*Work instructions:*
Starting from the line that holds "Tập_tin:Rm-osi_parallel.png", print every line through the end of the records, first and last included.

Saved entries
_ _ _ _
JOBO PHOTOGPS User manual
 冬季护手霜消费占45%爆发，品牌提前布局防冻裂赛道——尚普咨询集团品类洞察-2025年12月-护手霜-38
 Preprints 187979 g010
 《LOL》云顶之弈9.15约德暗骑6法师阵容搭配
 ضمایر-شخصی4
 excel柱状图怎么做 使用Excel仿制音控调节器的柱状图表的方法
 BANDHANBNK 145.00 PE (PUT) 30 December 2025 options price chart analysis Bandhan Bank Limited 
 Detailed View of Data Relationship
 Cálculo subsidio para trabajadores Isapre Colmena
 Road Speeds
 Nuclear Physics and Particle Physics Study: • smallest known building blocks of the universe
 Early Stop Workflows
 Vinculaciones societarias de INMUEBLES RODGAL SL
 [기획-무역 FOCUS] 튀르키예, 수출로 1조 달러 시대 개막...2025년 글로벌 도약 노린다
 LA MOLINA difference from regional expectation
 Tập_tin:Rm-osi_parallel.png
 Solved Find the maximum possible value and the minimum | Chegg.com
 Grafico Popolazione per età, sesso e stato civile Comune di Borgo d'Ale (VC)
_ _ _ _
*The completed task:*
 Tập_tin:Rm-osi_parallel.png
 Solved Find the maximum possible value and the minimum | Chegg.com
 Grafico Popolazione per età, sesso e stato civile Comune di Borgo d'Ale (VC)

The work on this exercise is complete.